WHAT IS REQUIRED. Could you print exactly the lines from the one that contains "[SenXanh CAFE] Cà" to the end of the data, both ends included, and nothing else? Skip the pictures.

**** DATA PROVIDED ****

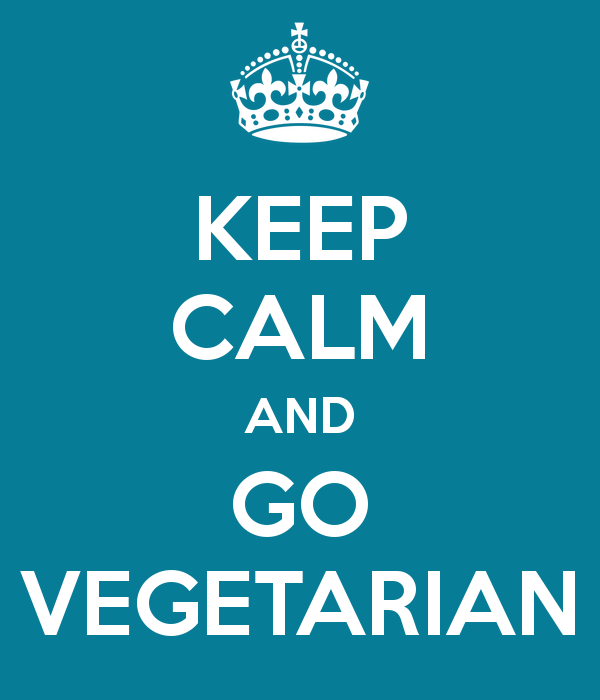 What do you say when an Angel asks you to become Vegetarian?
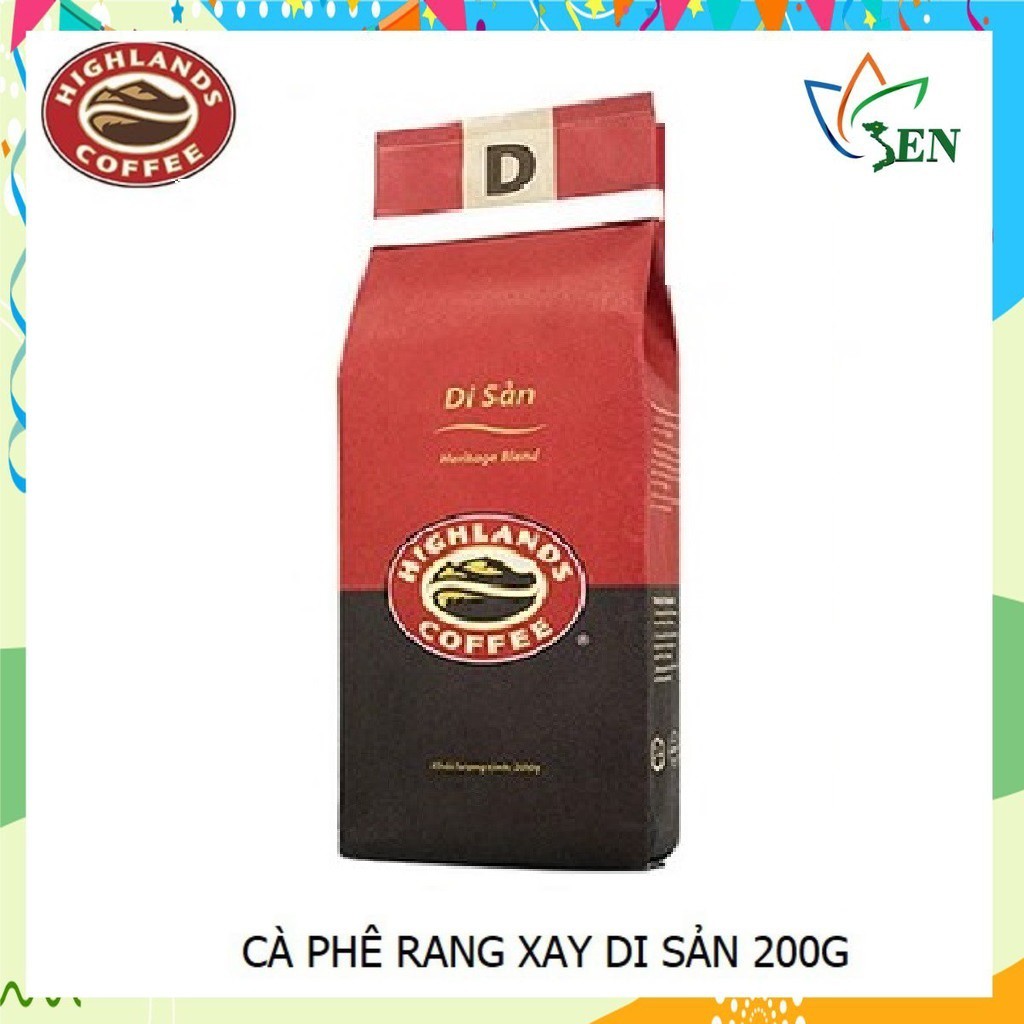 [SenXanh CAFE] Cà phê Rang xay Highlands Coffee 200g | BigBuy360 - bigbuy360.vn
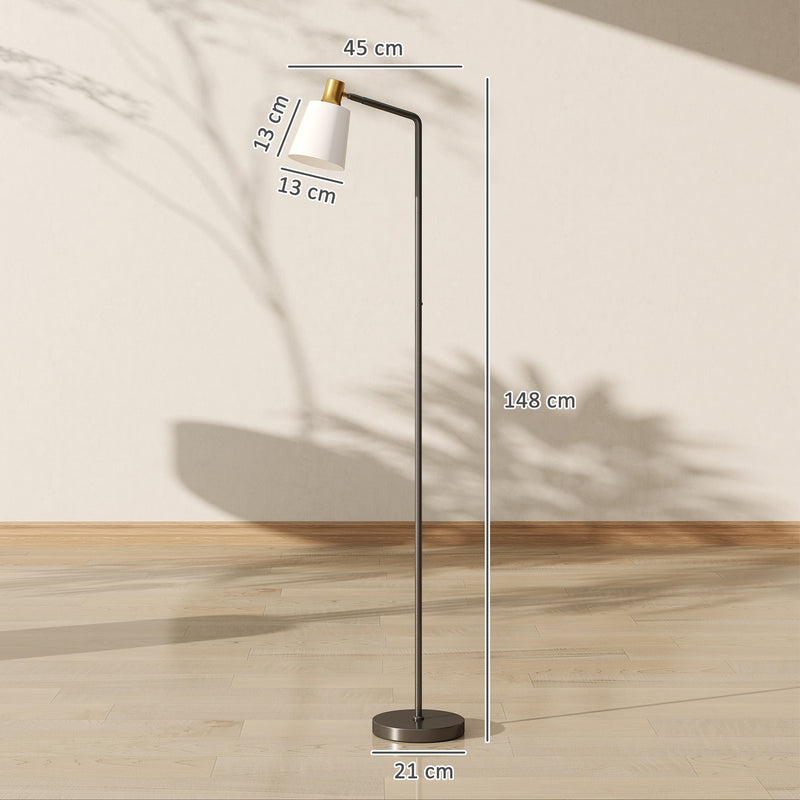 Modern Floor Lamp with Rotatable Head and Adjustable Colour Temperatures for Home, Black AOSOM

****

RESPONSE TO THE EXERCISE.
 [SenXanh CAFE] Cà phê Rang xay Highlands Coffee 200g | BigBuy360 - bigbuy360.vn
 Modern Floor Lamp with Rotatable Head and Adjustable Colour Temperatures for Home, Black AOSOM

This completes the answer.